WHAT YOU NEED TO DO: Once the images are removed, set down everything else in the listing below exactly.

SUPPLIED DATA:
········

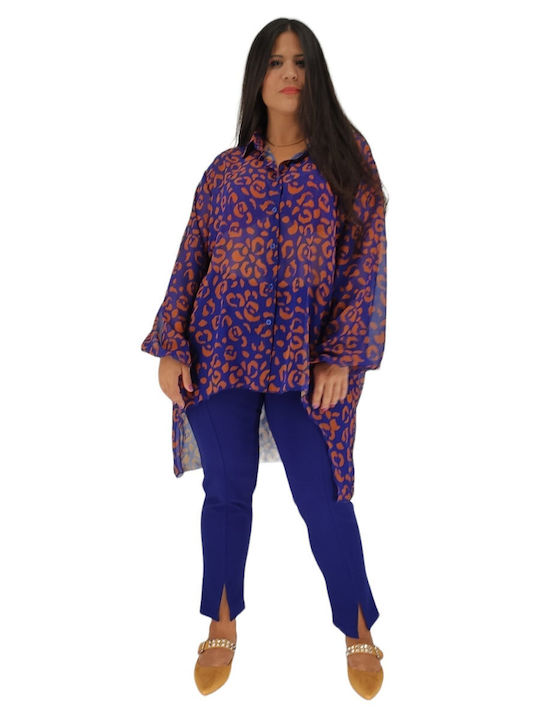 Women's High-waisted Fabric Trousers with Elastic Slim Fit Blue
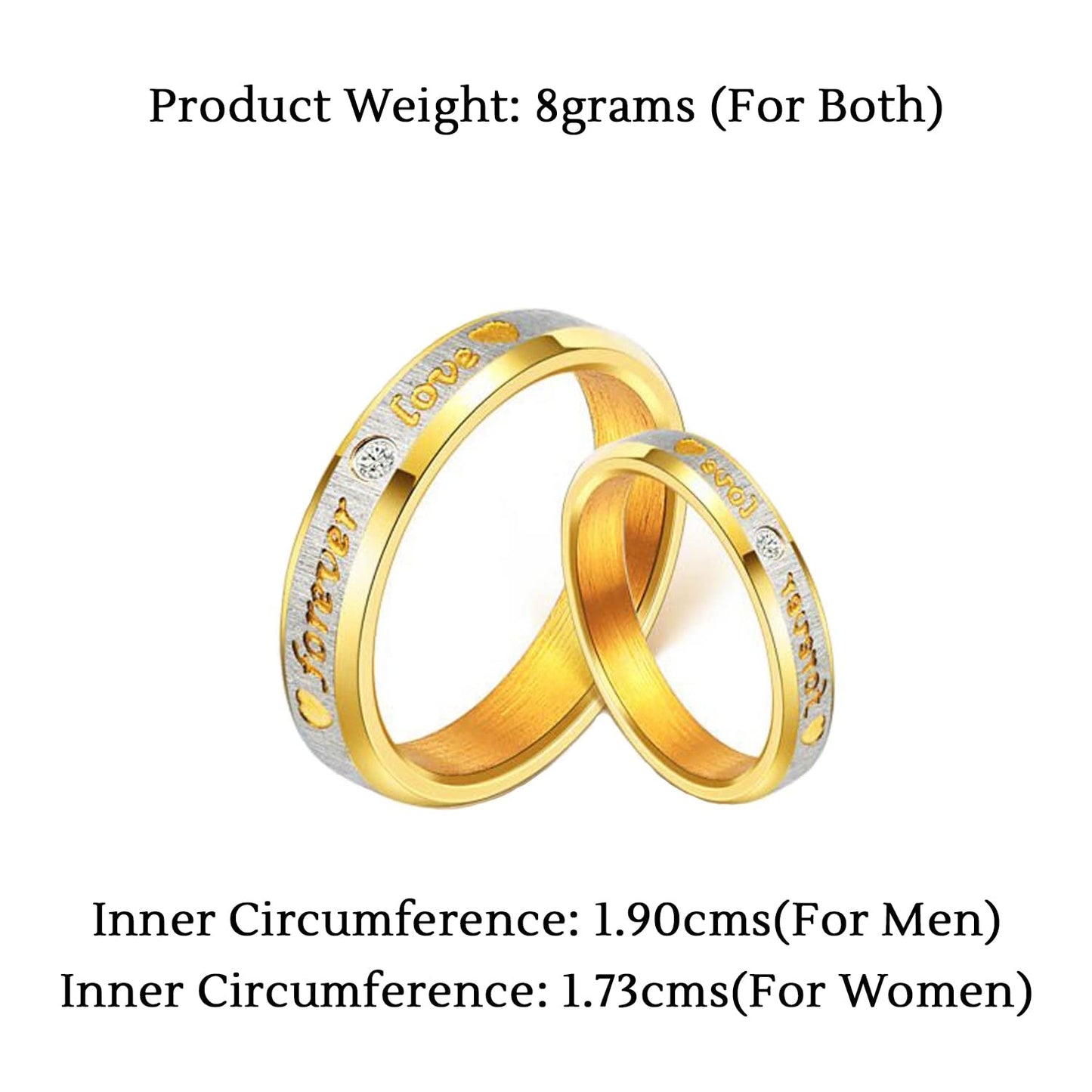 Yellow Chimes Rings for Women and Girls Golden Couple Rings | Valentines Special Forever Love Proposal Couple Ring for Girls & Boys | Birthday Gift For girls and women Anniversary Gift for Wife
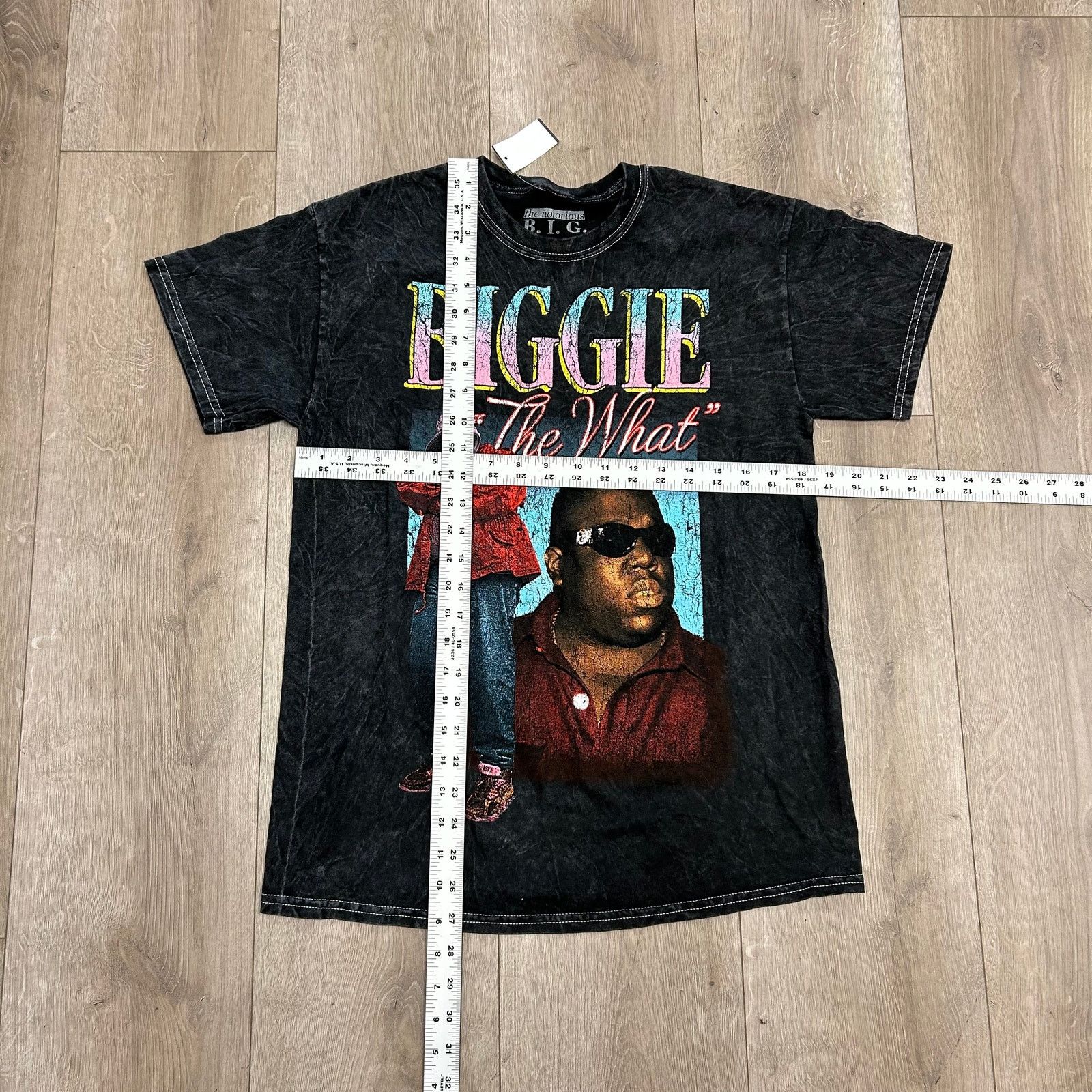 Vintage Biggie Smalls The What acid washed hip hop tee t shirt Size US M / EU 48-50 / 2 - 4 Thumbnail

········

RESULT FOR THIS EXERCISE:
 Women's High-waisted Fabric Trousers with Elastic Slim Fit Blue
 Yellow Chimes Rings for Women and Girls Golden Couple Rings | Valentines Special Forever Love Proposal Couple Ring for Girls & Boys | Birthday Gift For girls and women Anniversary Gift for Wife
 Vintage Biggie Smalls The What acid washed hip hop tee t shirt Size US M / EU 48-50 / 2 - 4 Thumbnail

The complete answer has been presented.